Witch-hunt of sect at heart of Coronavirus

Share on facebook
Share on twitter
Share on linkedin
Share on email
Share on print

by Lianne Kolirin


Campaigners for religious freedom have written to the UN High Commissioner of Human Rights to “stop the witch hunt” of a Christian sect at the heart of the coronavirus outbreak in South Korea.

Nine international NGOs, including the Centre for Studies on New Religions (CESNUR) and the International Observatory of Religious Liberty of Refugees (ORLIR), have joined forces to voice their concern over what they describe as the mounting “hysteria” over Shincheonji, a religious movement that has more than 200,000 followers.

More than 4,000 cases have now been confirmed in South Korea, with about 60 per cent associated with the church in Daegu, the country’s fourth-largest city.

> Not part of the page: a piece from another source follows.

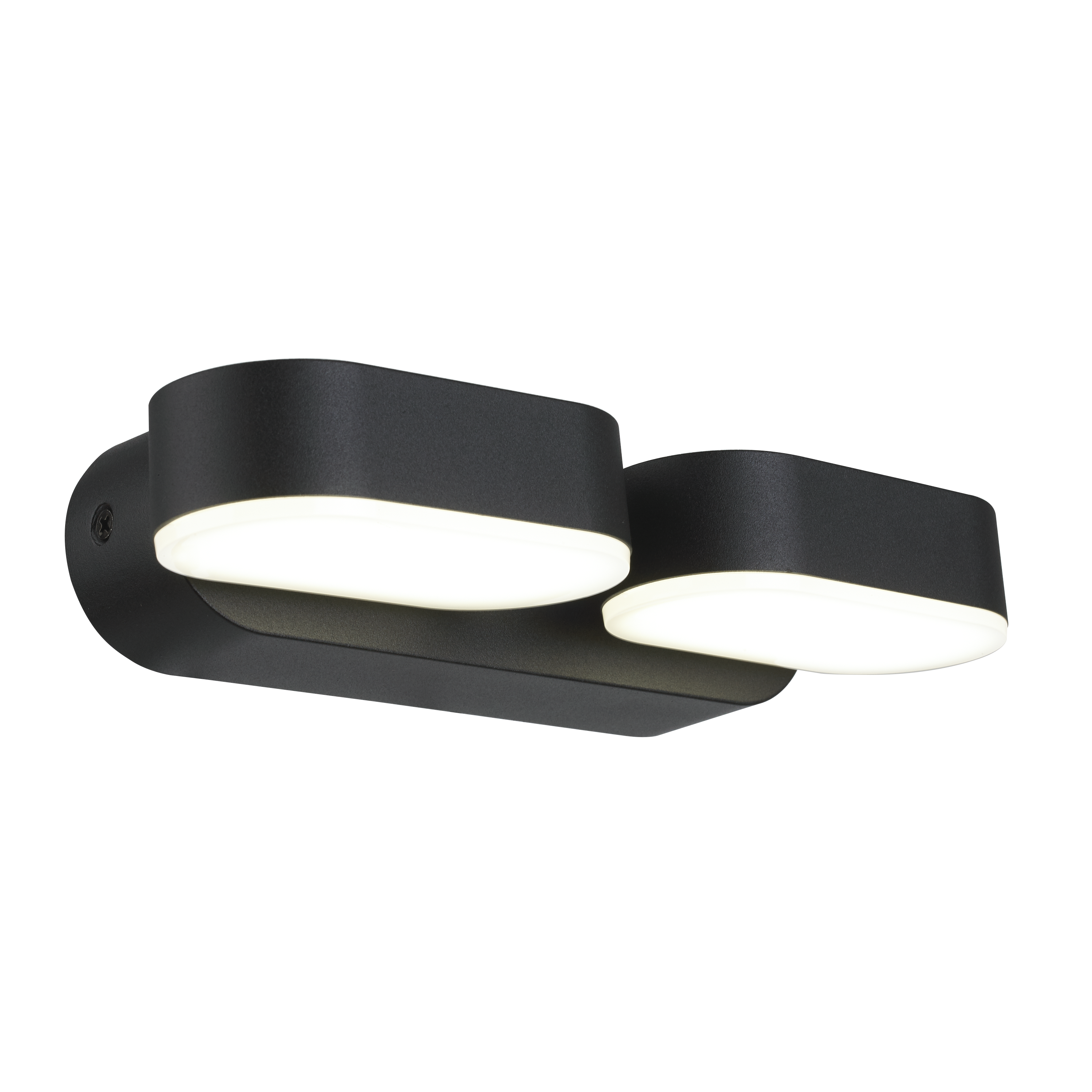 Candeeiro de parede com lâmpada de exterior Arund LED 2 luzes 1600lm preto Inspire - 2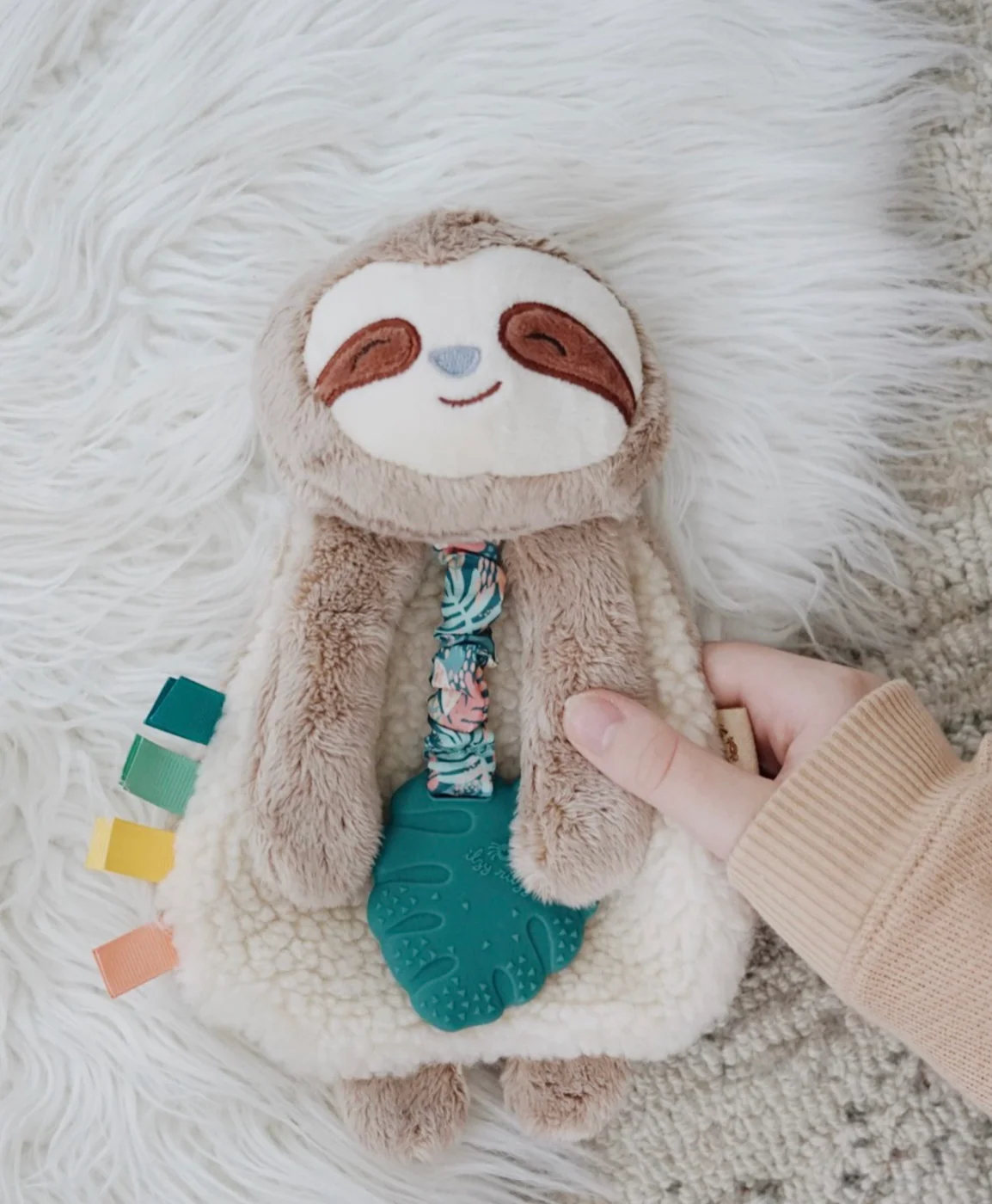 Itzy Ritzy - Taupe Sloth Itzy Friends Lovey Plush - Image 2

The signatories have told Michelle Bachelet, UN High Commissioner of Human Rights and Sam Brownback, US Ambassador-at-Large for international religious freedom: “We are deeply concerned with a growing number of instances of intolerance and discrimination against Shincheonji, a South Korean new religious movement, after a number of its members were diagnosed with COVID-19.”

The letter details discrimination that followers have experienced in recent years, which has led many to conceal their identities.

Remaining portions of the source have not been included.